Brief:
No pictures in the copy. Write out the listing below exactly.

Supplied information:
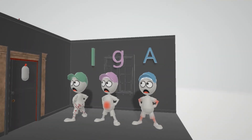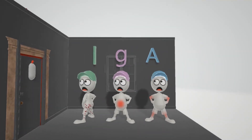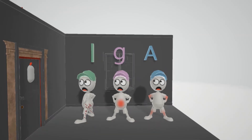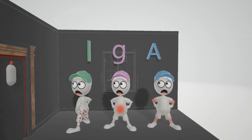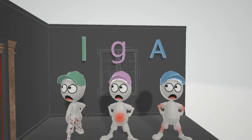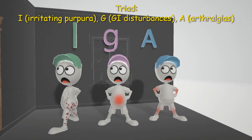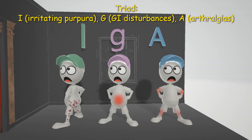Here we have three kids — their names are I, G, and A — to remind us of the triad seen in IgA vasculitis. 'I' stands for irritating purpura: it shows up on the buttocks and the legs and is really irritating. 'G' stands for GI problems such as abdominal pain. 'A' stands for arthralgias — this guy has some joint pain.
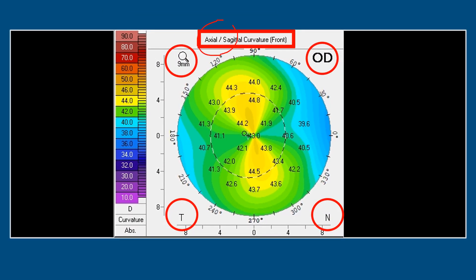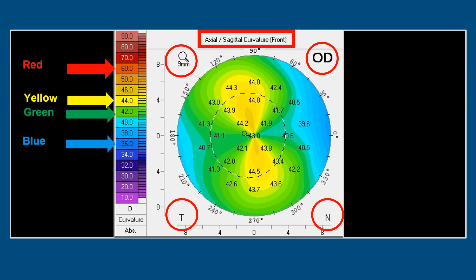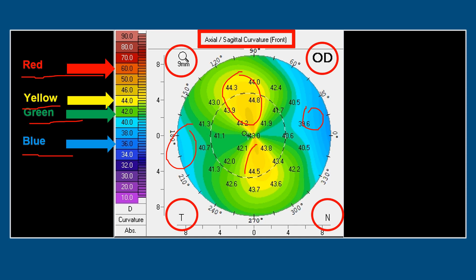This is the axial or sagittal map — also called the SAP map, S for sagittal and A for axial. OD means it's the right eye; the nasal side is here, the temporal side is here, and we have taken a 9 mm view. Red is the hot color, yellow is up to 44 diopters, green is around 42 diopters, and blue is around 36 diopters. That is how the values are represented in colors.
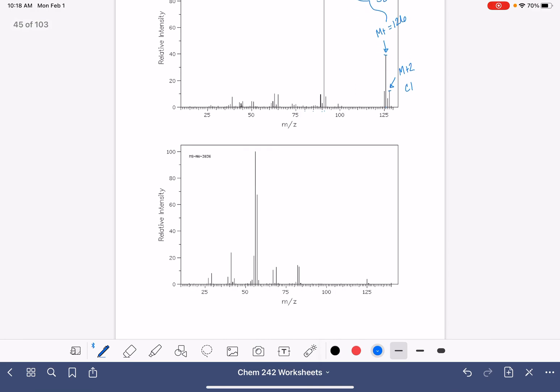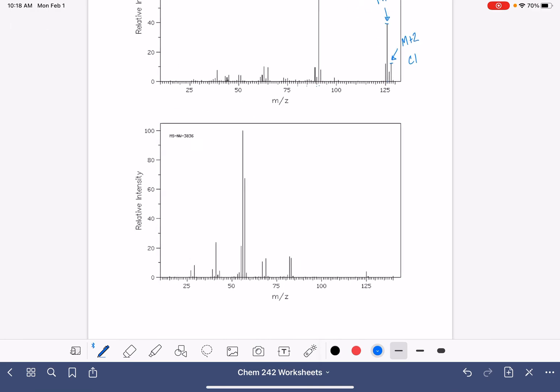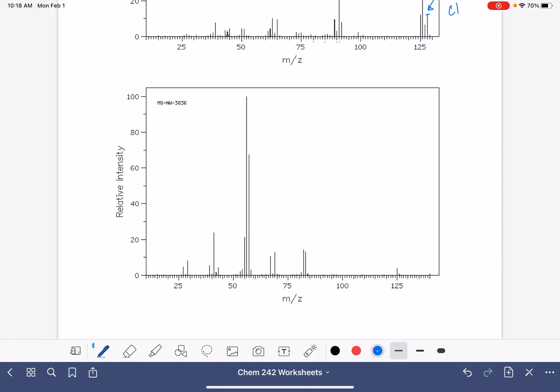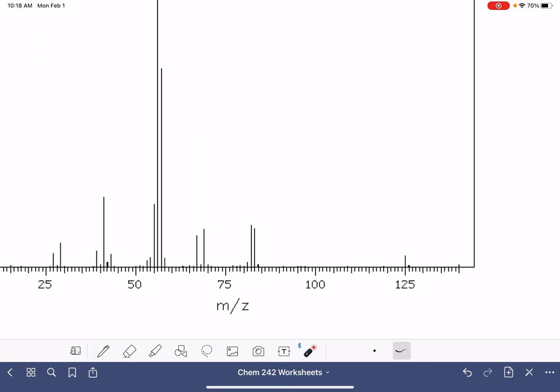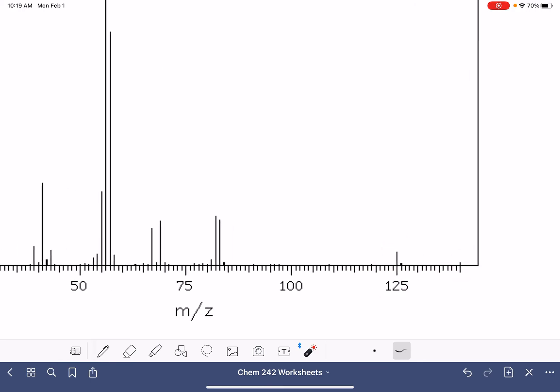We have one more to go. So again, keep in mind that the mass spec, the axes adjust itself. So don't be distracted by this. Keep looking at this little tiny guy out here.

Task result:
Here we have three kids — their names are I, G, and A — to remind us of the triad seen in IgA vasculitis. 'I' stands for irritating purpura: it shows up on the buttocks and the legs and is really irritating. 'G' stands for GI problems such as abdominal pain. 'A' stands for arthralgias — this guy has some joint pain.
This is the axial or sagittal map — also called the SAP map, S for sagittal and A for axial. OD means it's the right eye; the nasal side is here, the temporal side is here, and we have taken a 9 mm view. Red is the hot color, yellow is up to 44 diopters, green is around 42 diopters, and blue is around 36 diopters. That is how the values are represented in colors.
We have one more to go. So again, keep in mind that the mass spec, the axes adjust itself. So don't be distracted by this. Keep looking at this little tiny guy out here.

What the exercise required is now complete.